Tuning the Viscosity and Jamming Point in Dense Active non-Brownian Suspensions

TL;DR

This study uses simulations to explore how activity influences the flow and jamming behavior of dense non-Brownian suspensions, revealing reduced viscosity, altered force chain structures, and proposing a new rheological model.

Contribution

It introduces a novel simulation framework for active suspensions and uncovers how activity modifies viscosity, jamming, and force chain structures, along with a new constitutive law.

Findings

Activity reduces viscosity by decreasing frictional contacts.

Active particles shift the jamming point to higher volume fractions.

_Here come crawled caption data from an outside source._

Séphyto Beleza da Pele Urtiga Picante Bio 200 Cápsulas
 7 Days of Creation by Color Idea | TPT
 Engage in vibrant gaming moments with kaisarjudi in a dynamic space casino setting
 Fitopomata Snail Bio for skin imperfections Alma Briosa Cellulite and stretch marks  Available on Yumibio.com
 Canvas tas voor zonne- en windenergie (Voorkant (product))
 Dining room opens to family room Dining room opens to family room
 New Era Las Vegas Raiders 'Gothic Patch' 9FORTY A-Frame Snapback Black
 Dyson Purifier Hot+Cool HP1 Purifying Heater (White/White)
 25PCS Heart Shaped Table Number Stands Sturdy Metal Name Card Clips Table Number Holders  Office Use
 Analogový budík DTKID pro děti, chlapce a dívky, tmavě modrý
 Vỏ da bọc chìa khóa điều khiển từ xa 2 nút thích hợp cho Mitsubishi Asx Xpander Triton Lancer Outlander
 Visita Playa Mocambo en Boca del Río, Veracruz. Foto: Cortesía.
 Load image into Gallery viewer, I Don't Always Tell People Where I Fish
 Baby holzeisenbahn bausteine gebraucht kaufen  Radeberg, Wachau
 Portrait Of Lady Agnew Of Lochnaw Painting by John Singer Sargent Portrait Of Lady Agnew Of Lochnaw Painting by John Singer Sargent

Force chain anisotropy is reduced in active systems.

Abstract

Using numerical simulations, we study the rheological response of dense non-Brownian suspensions containing active particles. The active particles are modelled as run-and-tumble particles with three controlling parameters: the fraction of active particles in the system, an active force applied to the particles, and a persistence time after which the direction of the active force changes randomly. Our simulations reveal that the presence of activity can reduce the viscosity (by an order of magnitude) by decreasing the number of frictional contacts, which also shifts the jamming point to a higher volume fraction. Moreover, the microscopic structure of force chains in the presence of activity is qualitatively different from that in the passive system, showing reduced anisotropy. We also find that while the presence of activity drives the system away from jamming by preventing the formation of force chains, unjamming an already jammed state by breaking existing force chains requires a higher activity strength. Finally, we propose a new constitutive law to describe the rheology of dense active non-Brownian suspensions.